> [Supplied information]:
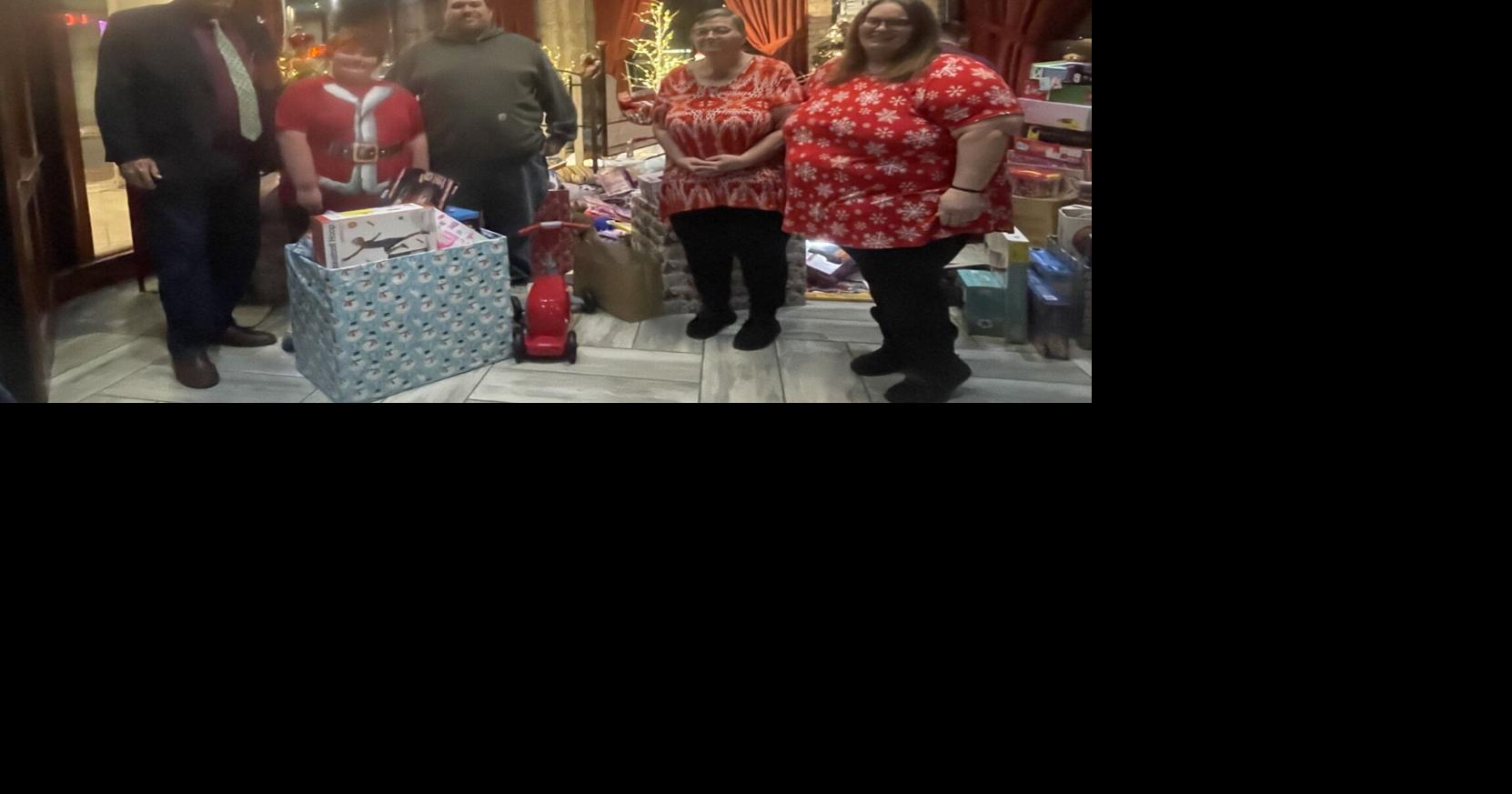 Normalville family's generosity to toy drive applauded | News ...
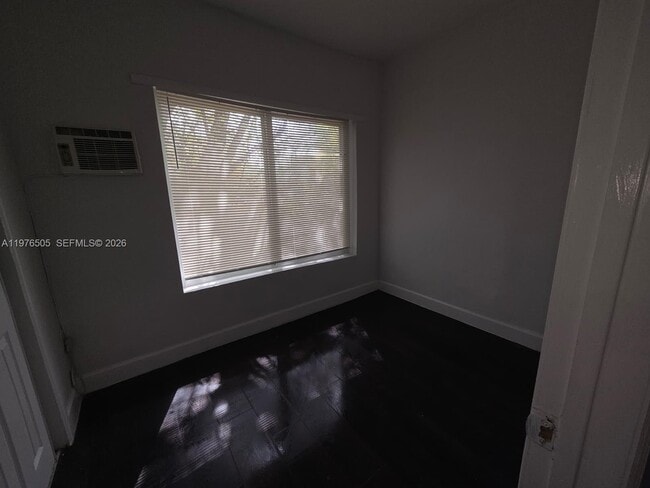 Building Photo - 337 SW 10th Ave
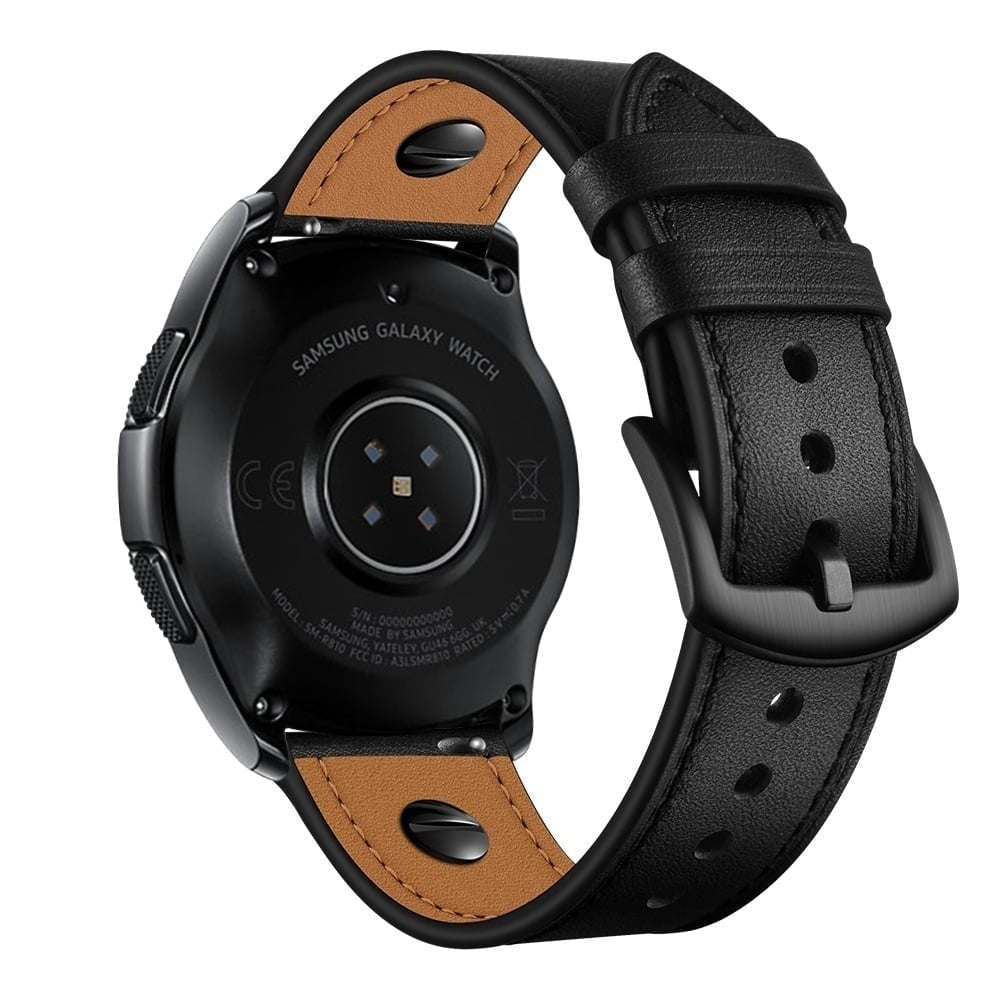 Eine Samsung Galaxy Watch mit schwarzem Lederarmband. Das Zifferblatt ist schwarz und der Riemen ist geschnallt. Auf der Rückseite steht Text.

> [What you should do]: Starting at the line that holds "Building Photo - 337 SW 10th Ave", write out every remaining line of the material above exactly as it appears. Pictures should not be copied.

> [Result for this task]:
 Building Photo - 337 SW 10th Ave
 Eine Samsung Galaxy Watch mit schwarzem Lederarmband. Das Zifferblatt ist schwarz und der Riemen ist geschnallt. Auf der Rückseite steht Text.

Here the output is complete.